Out in Force: meet Hong Kong’s biggest Star Wars fans
Members of fan groups the 501st Legion and Rebel Legion spend thousands of dollars creating Star Wars costumes, and display a level of enthusiasm for the space opera that borders on religious fervour
Kito Leung Kin-sing’s father got him hooked on the original Star Wars trilogy when he was a boy. He continued to watch the movies obsessively at home after his parents divorced and his father left. After watching 2002’s Attack of the Clones and while still in high school, he began creating costumes, working on them late into the night while his family slept. A few months ago, Leung started working on a highly detailed, accurate clone trooper from the Star Wars prequels.
Most of his friends, not being Star Wars fans, don’t understand his fascination with the franchise. “Some friends say I’m strange because I’m the only person [they know] with this kind of interest, and they can’t see the point,” says Leung, who now works part-time while taking tertiary courses.
His family frown at the pursuit too: “My family members don’t really approve of what I do. Maybe they are a bit more conservative; they think that dressing up is something that a clown might do. But this is my interest and it makes me happy. I don’t play much basketball, for example, but my parents really want me to get into it. I’d rather spend time on my costumes than sports.”
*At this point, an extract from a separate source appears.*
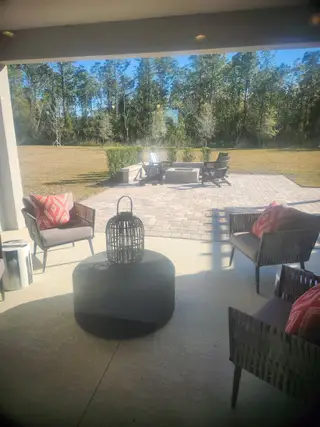 Model Home A cozy patio with wicker seating, patterned cushions, and a view of a serene backyard with a fire pit and lush trees.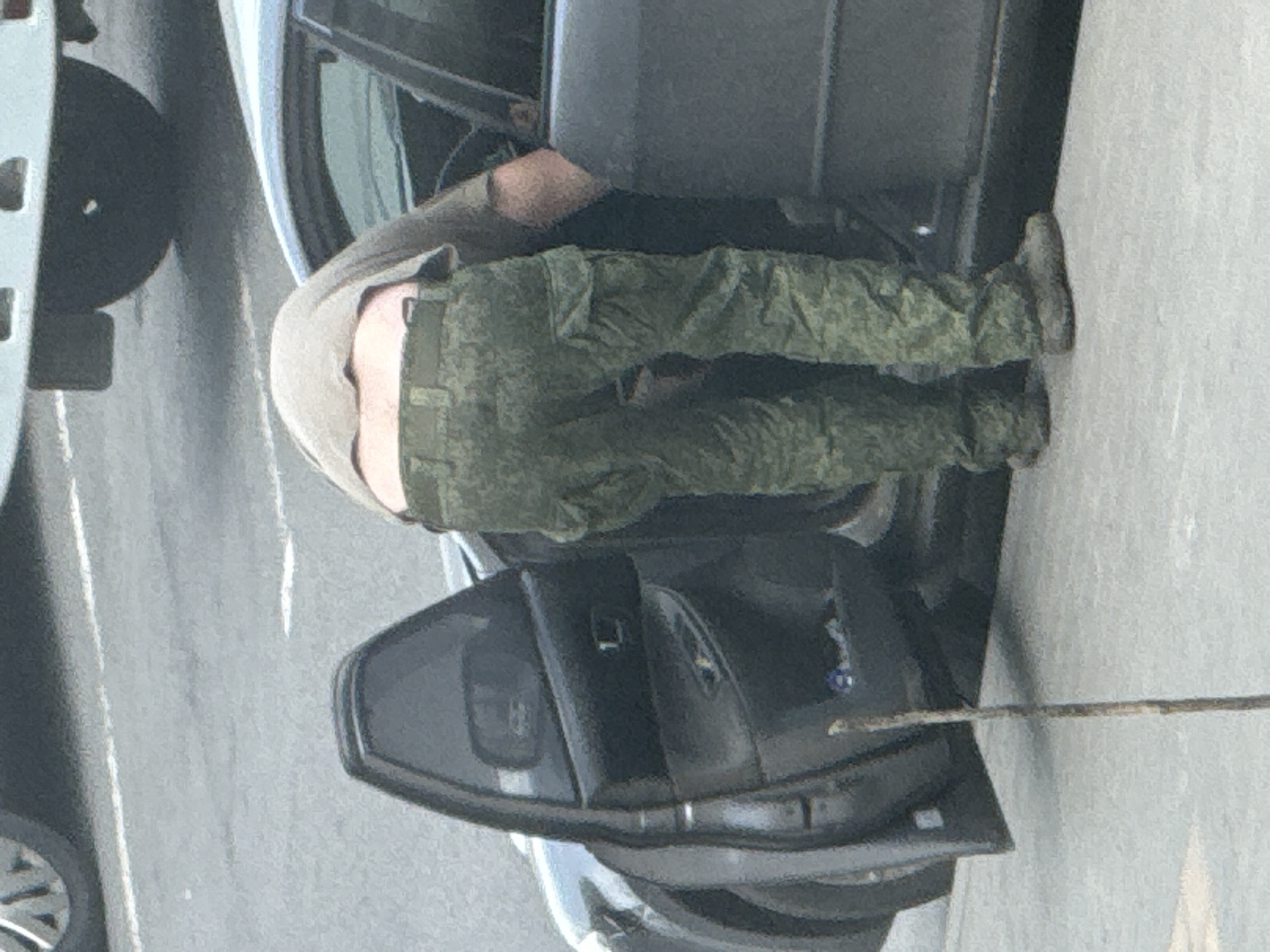A person in camouflage pants and boots is bent over, seemingly exiting a dark-colored sedan with the door open. The setting appears to be an urban area with a paved surface.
Leung joined a group of super fans in Hong Kong called the 501st Legion, part of a global network of enthusiasts who dress up as Imperial Stormtroopers, Darth Vader and other characters from the evil Galactic Empire to promote their love of the franchise and volunteer at charity events (like visiting paediatric wards and appearing at fundraisers).
Other Hong Kong fans have formed a group called the Rebel Legion, which dresses up as Jedi knights, rebel pilots and the forces of good.
The fan community around the world is so committed that some scholars compare their passion to a religion.
A few years ago, Disney (and previously Lucasfilm) began inviting the 501st’s Hong Kong garrison to its promotional events. This week’s release of the latest Star Wars epic, The Force Awakens, has meant a busier time than usual for the members. They appeared in a Star Wars parade in the summer, and more recently at Times Square where the mall has a large Lego model of an X-Wing on display.
Anyone can join 501st Legion if they agree with its charitable mission, accept that not all members of the local garrison (currently 36 people) can appear at each event (Stormtroopers are often in demand, unlike the lesser known Scout Troopers that fly speeder bikes in Return of the Jedi) and maintain a costume that meets official requirements.
That last condition isn’t easy to fulfil: Leung spent a month making sure his costume was up to scratch. Hong Kong garrison founder Man Kam-sang estimates a set of 501st Legion-worthy Stormtrooper armour will cost about HK$20,000.
The 501st Legion website has a detailed visual guide for costume requirements. But garrison members are usually so familiar with the most minute details that they can instantly describe how Stormtrooper gear differs in the first three films released between 1977 and 1983.
For example, the patch of grey armour below the trooper’s eyes can feature anywhere from five to seven black stripes, explains Arthur Wong Chi-yee, a forty-something freelance media professional in the 501st Legion.
Wong spent two months working on his armour, but says some members take up to six months. The hardest part to get right is the area around the ears, he says; it took him a few days to chip away at the plastic moulding to get the correct shape.
Some 501st legionnaires are already working on costumes of the new Stormtroopers that will appear in the latest movie. However, these probably won’t be seen in public until they’ve had time to make sure all the details are right, Wong says.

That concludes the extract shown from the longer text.